I suddetti titolari impugnavano, quindi, gli atti in questione presso i competenti Tribunali amministrativi regionali (in questo caso, quelli della Lombardia e della Sardegna), invocando la violazione dell’articolo 1, comma 18, del decreto legge n. 194/2009, il quale prevede la proroga automatica della durata di tali concessioni demaniali.
Com’è noto tale materia è puntualmente disciplinata dalla direttiva della direttiva 2006/123, a sua volta recepito nel nostro ordinamento dal D.lgs. n. 59/2010. In particolare, l’art. 12 della Direttiva prevede che “Qualora il numero di autorizzazioni disponibili per una determinata attività sia limitato per via della scarsità delle risorse naturali o delle capacità tecniche utilizzabili, gli Stati membri applicano una procedura di selezione tra i candidati potenziali, che presenti garanzie di imparzialità e di trasparenza e preveda, in particolare, un’adeguata pubblicità dell’avvio della procedura e del suo svolgimento e completamento”.
I Tribunali amministrativi regionali hanno, dunque, investito la Corte del Lussemburgo della seguente questione giuridica: se la vigente disciplina nazionale, rendendo impossibile a qualsiasi altro concorrente l’accesso alle concessioni in scadenza, sia compatibile con l’art. 12 della Direttiva citata.
Dinanzi ad un quadro normativo di questo genere la risposta della quinta Sezione della Corte non si è fatta attendere, risolvendo il netto contrasto tra la disciplina nazionale e quella europea a favore di quest’ultima: superate alcune questioni squisitamente processuali, il Giudice europeo va, infatti, dritto al cuore della questione, affermando che “una normativa nazionale, come quella di cui ai procedimenti principali, che prevede una proroga ex lege della data di scadenza delle autorizzazioni equivale a un loro rinnovo automatico, che è escluso dai termini stessi dell’articolo 12, paragrafo 2, della direttiva 2006/123”.

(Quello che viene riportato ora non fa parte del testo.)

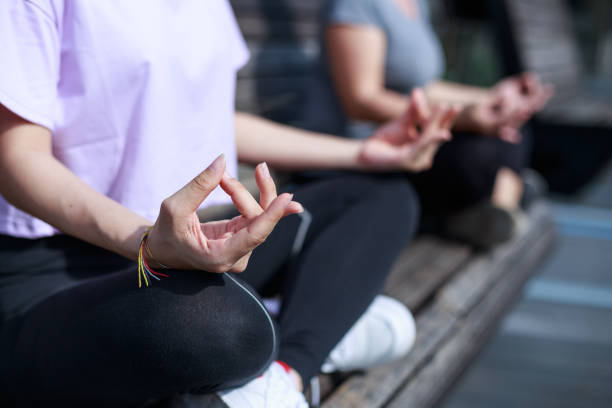 istock Close up of womens hand doing meditation 1371890807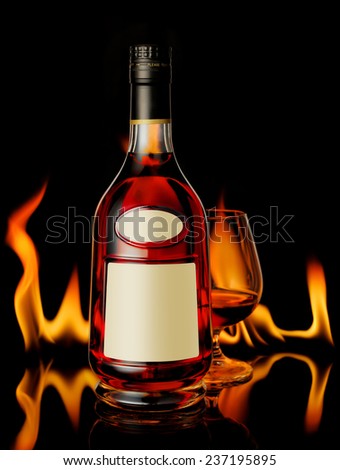 Cognac bottle and a glass in front of fireplace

Del tutto disatteso risulta, peraltro, l’argomento difensivo formulato dai ricorrenti italiani secondo il quale la proroga automatica delle autorizzazioni sarebbe funzionale alla tutela del legittimo affidamento dei gestori ‘uscenti’, in quanto consentirebbe di ammortizzare gli investimenti da loro effettuati. A tale rilievo la Corte replica che l’articolo 12, paragrafo 3, della direttiva 2006/123 prevede che gli Stati membri, nell’ambito delle procedure di aggiudicazioni delle concessioni, possano tener conto solo di interessi di carattere generale. Il passaggio, stringato, non pare però rendere adeguata giustizia di principi – quelli del legittimo affidamento del cittadino (o in questo caso dell’operatore economico) e della certezza del diritto – che caratterizzano fortemente il nostro ordinamento, e che in questo caso avevano ricevuto espresso riconoscimento e tutela in una norma di legge.
La decisione risulta di notevole importanza nonché di grande impatto economico: è infatti verosimile che le Amministrazioni competenti, allo scadere delle concessioni demaniali marittime e lacuali, negheranno ai titolari la proroga automatica, procedendo al contempo all’avvio di procedure selettive – ovviamente ispirate ai principi europei della materia – per l’aggiudicazione delle medesime.